• **The data**

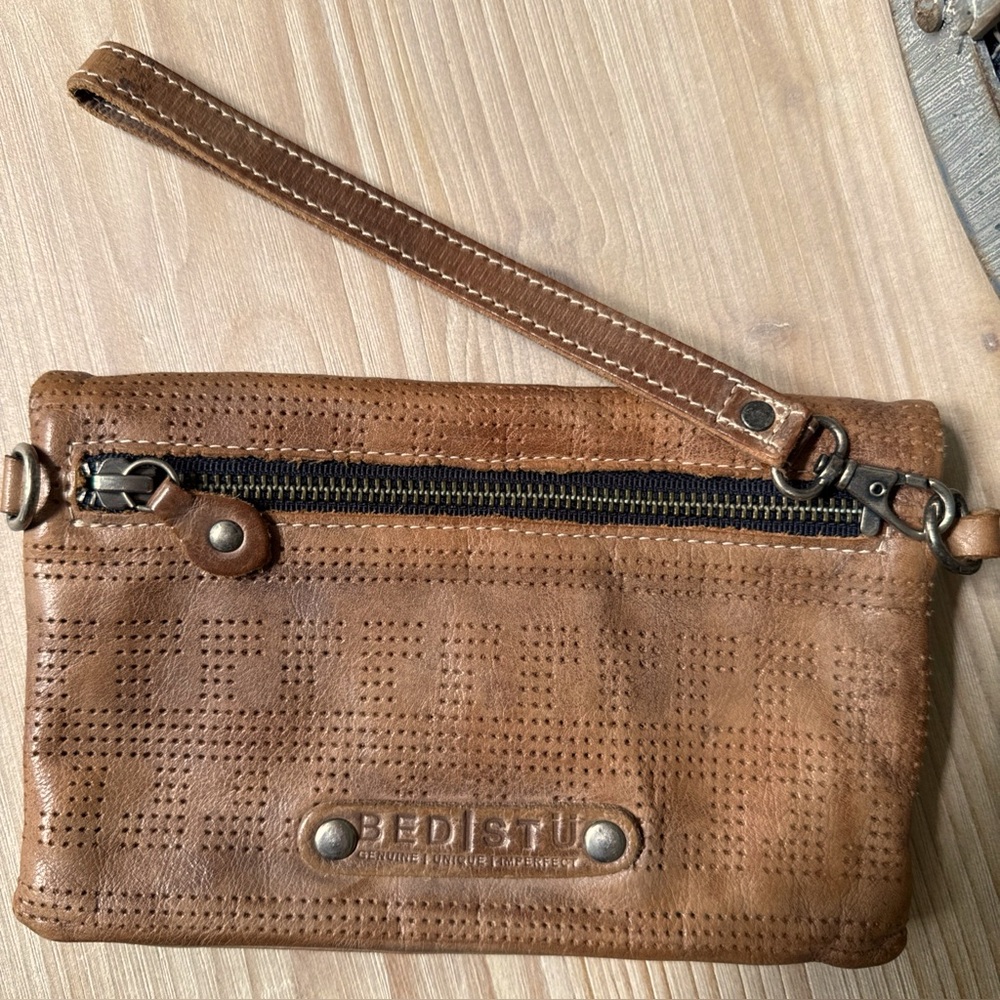 Bed Stu Bayshore Wristlet  Perforated Handbag Wallet Rustic Brown Leather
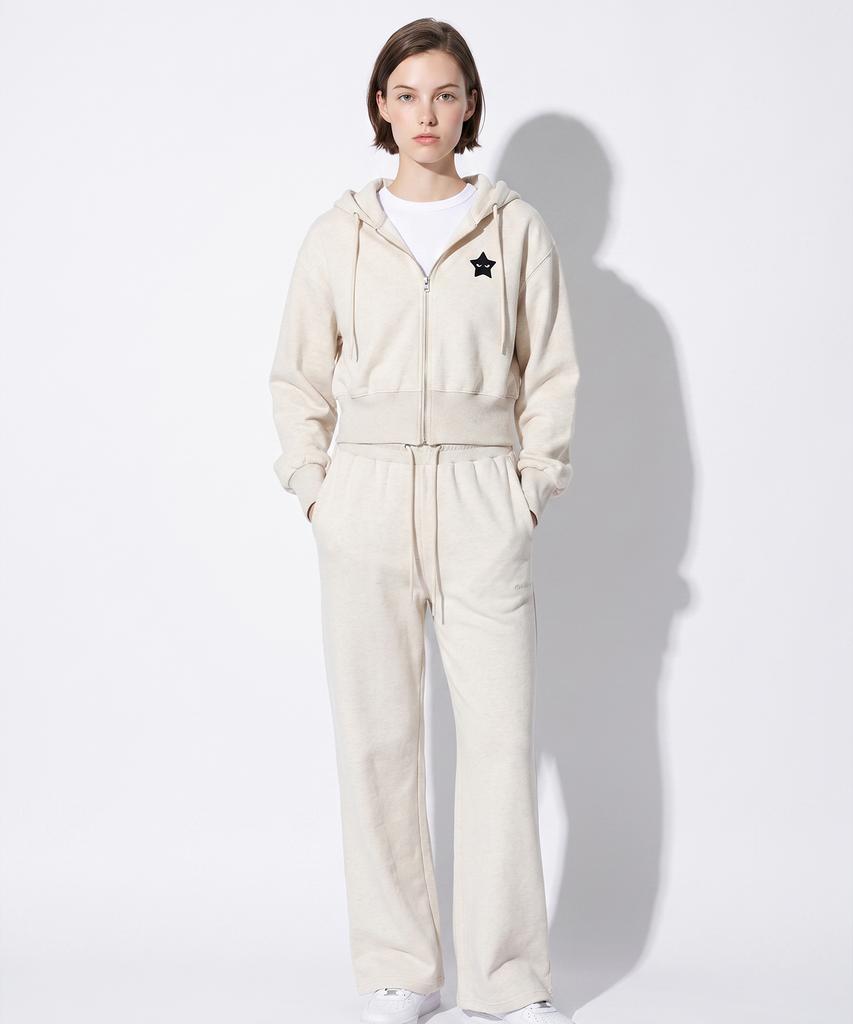 STARRYEYED Semi-Wide Fit Slit Training Pants (Melange Oatmeal)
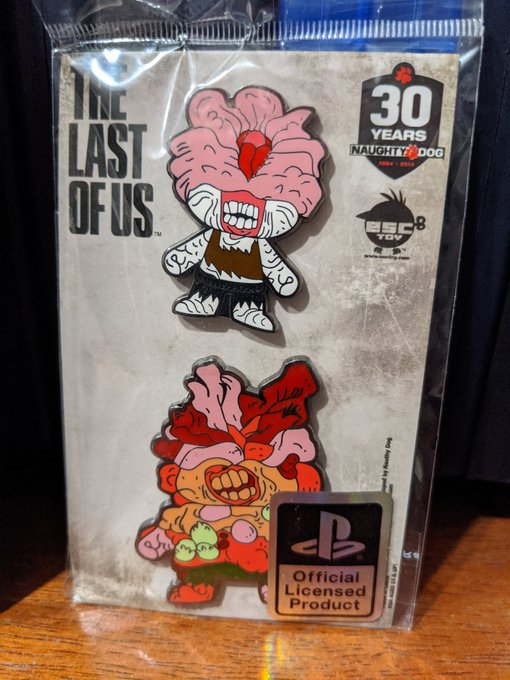 The only merch I could find of Bloater! A pin set from the 30 year @NaughtyDog anniversary!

• **What you are asked to do**
Copy every line of the listing above exactly. Leave each picture out.

• **Solution for this task**
 Bed Stu Bayshore Wristlet  Perforated Handbag Wallet Rustic Brown Leather
 STARRYEYED Semi-Wide Fit Slit Training Pants (Melange Oatmeal)
 The only merch I could find of Bloater! A pin set from the 30 year @NaughtyDog anniversary!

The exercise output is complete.